LightSquared is proposing that it use the lower 10MHz of the L-band spectrum the company was given for its 4G LTE service and that it reduce the power to 10 percent of what the Federal Communications Commission originally authorized. According to LightSquared Executive Vice President Martin Harriman, this would mean that the LightSquared transmitters would only produce about 1,500 watts of radio power, versus the 15,000 watts the FCC originally authorized.
It’s worth noting that the test transmitters that the TWG used in its study were running at about 1,500 watts of power, but they were using the upper 10MHz of the frequency allocation as well as the lower 10MHz section. There has been little formal testing of GPS interference using just that lower frequency slice. Because of this, many of the Working Grouptests would have to be rerun to see if the interference problem has been solved.
The problem is one of basic physics and radio design. The GPS frequencies span 20MHz of the L-band immediately adjacent to the upper 10MHz segment granted to LightSquared. A strong signal in an adjacent channel can cause the receiver’s RF amplifiers to become saturated, even when the strong signal isn’t on the same frequency.
This can cause receiver desensitization, and it can create spurious signals inside the receiver. The result is that radio reception in the affected receiver may be impossible, degraded, distorted or some combination of the three.

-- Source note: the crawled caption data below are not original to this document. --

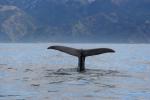 South Island 2010 - 80 - Sperm whale fluke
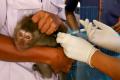 Vaksin Rabies Gratis di Jakarta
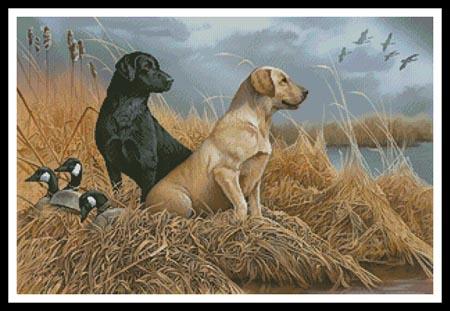 Friends in the Field  (Jerry Gadamus)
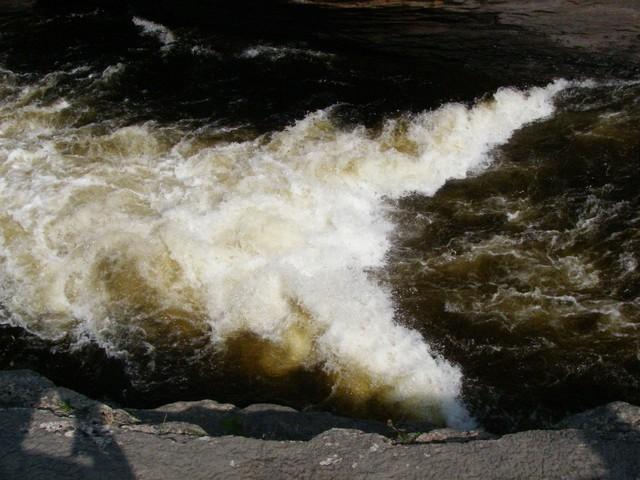 IMGP6269.JPG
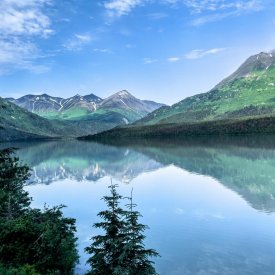 View Alaska’s glacial waters and forest-lined coasts at Kenai Fjords National Park.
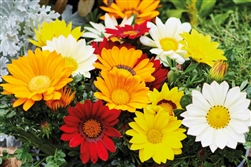 Gazania Gazza Mix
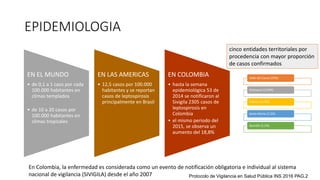 EPIDEMIOLOGIA
EN EL MUNDO
• de 0,1 a 1 caso por cada
100.000 habitantes en
climas templados
• de 10 a 20 casos por
100.000 habitantes en
climas tropicales
EN LAS AMERICAS
• 12,5 casos por 100.000
habitantes y se reportan
casos de leptospirosis
principalmente en Brasil
EN COLOMBIA
• hasta la semana
epidemiológica 53 de
2014 se notificaron al
Sivigila 2305 casos de
leptospirosis en
Colombia
• el mismo periodo del
2015, se observa un
aumento del 18,8%
En Colombia, la enfermedad es considerada como un evento de notificación obligatoria e individual al sistema
nacional de vigilancia (SIVIGILA) desde el año 2007
Valle del Cauca (23%)
Antioquia (14,8%)
Tolima (11,9%)
Santa Marta (7,2%)
Quindío (5,2%)
cinco entidades territoriales por
procedencia con mayor proporción
de casos confirmados
Protocolo de Vigilancia en Salud Pública INS 2016 PAG.2
 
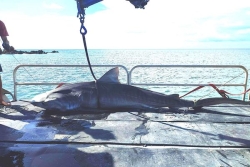 Abattage de requins : la cour administrative d'appel confirme l'interdiction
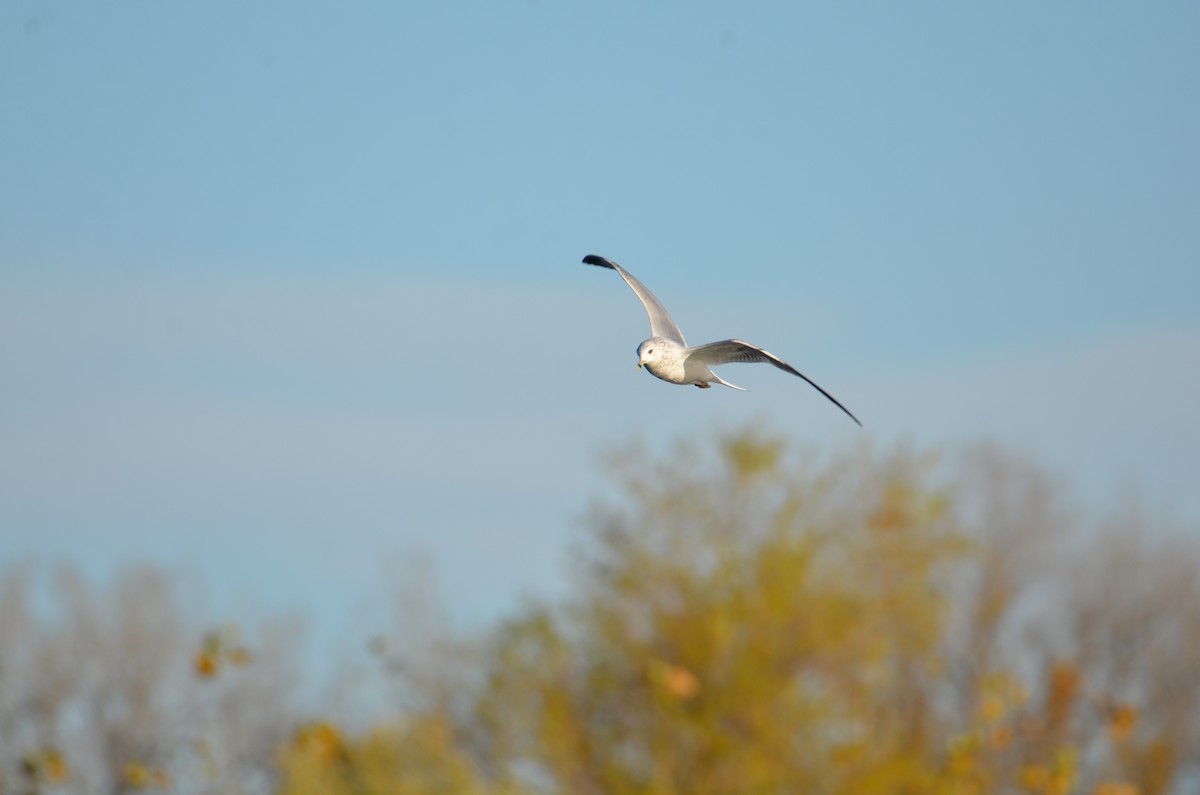 Ringschnabelmöwe - ML644539443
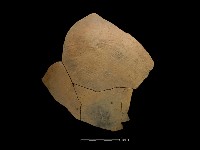 藏品(陶罐)的圖片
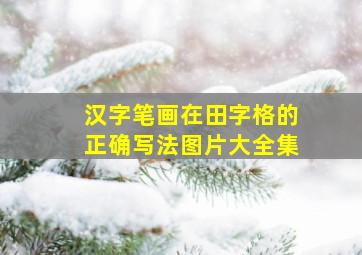 汉字笔画在田字格的正确写法图片大全集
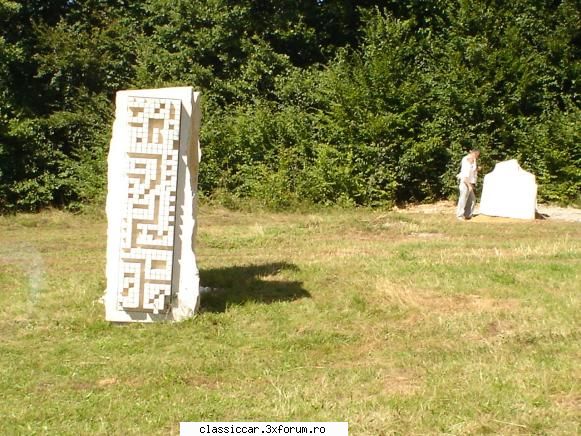 Vizitarea unui muzeu in aer liber,cu buburuze. - Poate nu exagarez,inaltimea de 4-5 - Drumetii prin Mioritic
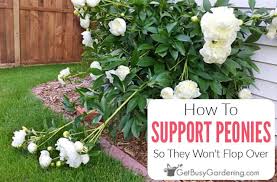 Peony Supports Tips For How To Keep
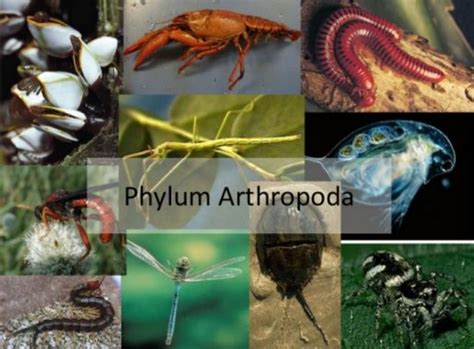 Arthropoda Pengertian Ciri Struktur Klasifikasi Contoh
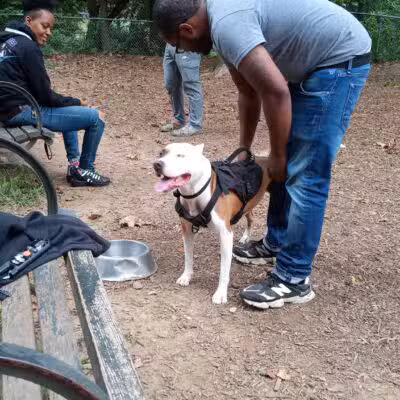 Ewen Park Dog Run - Bronx, NY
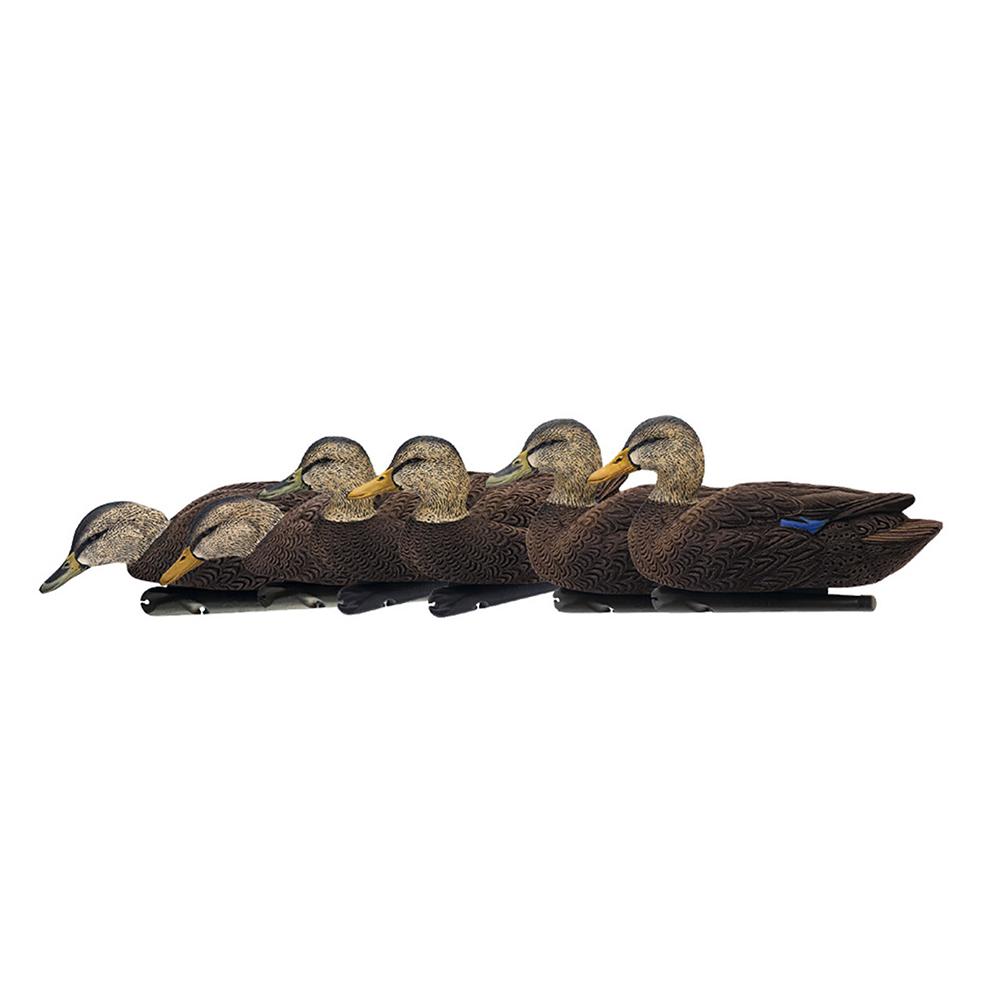 Avian-X Topflight Black Ducks Floating Decoys 6-Pack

Compounding the problem is that you can only do so much about it. GPS receivers have to be very sensitive to pick up the faint signals from the GPS satellites. Because they are so sensitive, they are also prone to interference. You can design in what’s called a band-pass filter to block some of this interference, but a band-pass filter introduces its own problems, including reducing the signal strength of the receiver being protected. When that happens, the whole issue of high sensitivity comes to the fore again, and you’re basically stuck with diminishing returns.
LightSquared Claims Fix Will Cut 99% of Interference
One solution to this problem is to move the transmitted signal farther away from the receiver being protected and another is to lower the power of the interfering transmitter. LightSquared is proposing to take both of these actions.
But will it work? Right now, nobody knows for sure. LightSquared is convinced that it can eliminate interference to 99 percent of all GPS receivers. That still leaves a lot of GPS receivers that will be affected, and most of those appear to be high-precision devices used in science, surveying and agriculture.
The U.S. GPS Industry Council argues otherwise, saying in their report that LightSquared should not be permitted to use the L-band spectrum for their data network. But their conclusion is based on the findings of the Technical Working Group, which basically said the same thing.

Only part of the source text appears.